Senior marine operations officer John Edwards said it was important that people were not risking their safety or the safety of the animals by getting too close.
"At this time of year, people have a good chance of seeing whales along the Western Australian coast and we ask that those enjoying whale watching follow some simple guidelines when they're out on the water," he said.
"It's important to remember that if a whale approaches your vessel, you should either place your motor in neutral or move slowly away from the animal, at a speed of less than six knots.
"Getting too close, particularly if you're on a smaller boat, on a surfboard or kayak, or swimming in the water could put you at risk."

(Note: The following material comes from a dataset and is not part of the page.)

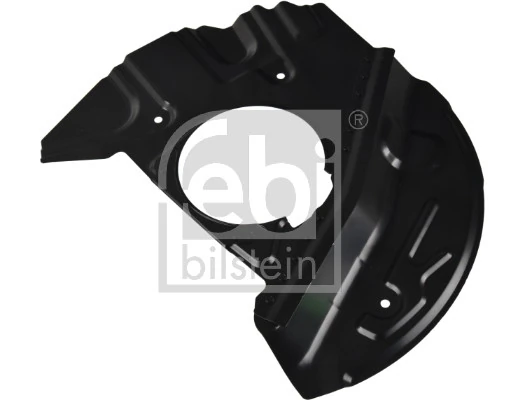 Protectie stropire,disc frana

Mr Edwards said boaters should leave the area if a whale exhibits behaviour such as diving for prolonged periods or swimming evasively as it could mean that the whale is distressed or disturbed.
"Whales are large, powerful creatures and they may react aggressively if they feel threatened," he said.

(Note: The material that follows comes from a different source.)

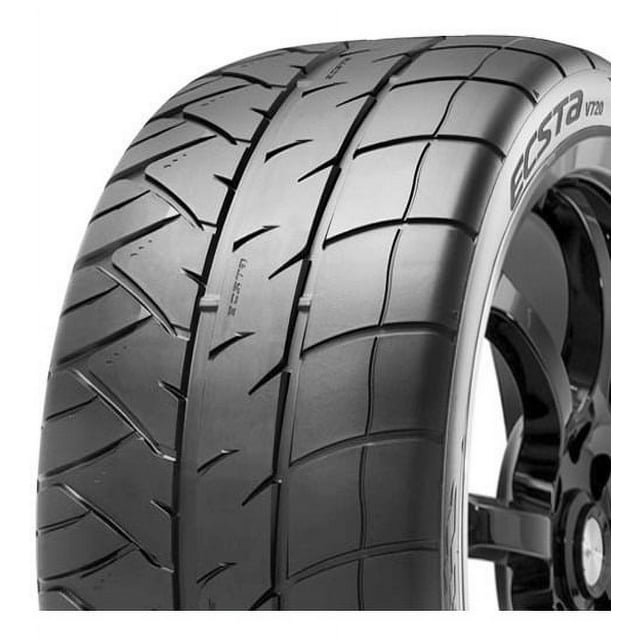 LLANTA 285/35r18 KUMHO V720 ECSTA 101W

Recently, researchers have observed recreational vessels getting too close to whales off Point Piquet.
Wildlife photographer Ian Wiese said they had seen several instances of boats and jet skis approaching, and even chasing southern right whales to within a few meters.
"In one instance the occupants in wet suits jumped into the water on top of the whales," he said.
"Unfortunately the endangered southern right whales often are the easy targets as they are not migrating through Geographe Bay, but this is where they have come to rest.
"The new mothers are here to bring up their calves until they have put on enough body fat to return to Antarctica to feed.
"Each time they are disturbed in this manner the southern rights have moved off and gone elsewhere. The calves are curious and will often approach boats, but mum is not always happy about this.
"We see very small numbers of southern right whales each year in Geographe Bay, and I am sure if they are left alone the numbers would increase, and we could all enjoy seeing them during winter in the bay.
"I urge all boaters to follow the Parks and Wildlife regulations for their own safety and for the safety of the whales (both humpbacks and southern right whales).
"And please avoid sudden changes in speed or direction (jet skis especially note). Remember that the noise from boat engines is deafening underwater."
The Parks and Wildlife Service has urged people to stay a safe distance of at least 100 metres from whales.
Approaching whales from behind or cutting off the path of moving whales in a boat is dangerous and penalties can also apply.
Boats must only approach whales from the side, and no closer than 100m.
The following regulations apply if you are within 300m of a whale: . A vessel must not approach a whale within a distance of 100m, and within an arc of 60 degrees of the whale's direction of travel or from behind.
If a whale does decide to interact with your vessel remain at a distance of 100m with your motor in neutral or move slowly away at a speed of less than 6 knots to maintain the 100m safe distance.
Vessels must abandon all interaction with a whale at any sign of distress or disturbance (including diving for prolonged periods or swimming evasively).
People in the water should not approach a whale closer than 100m and drones or other remotely piloted aircraft must stay at least 60m from a whale.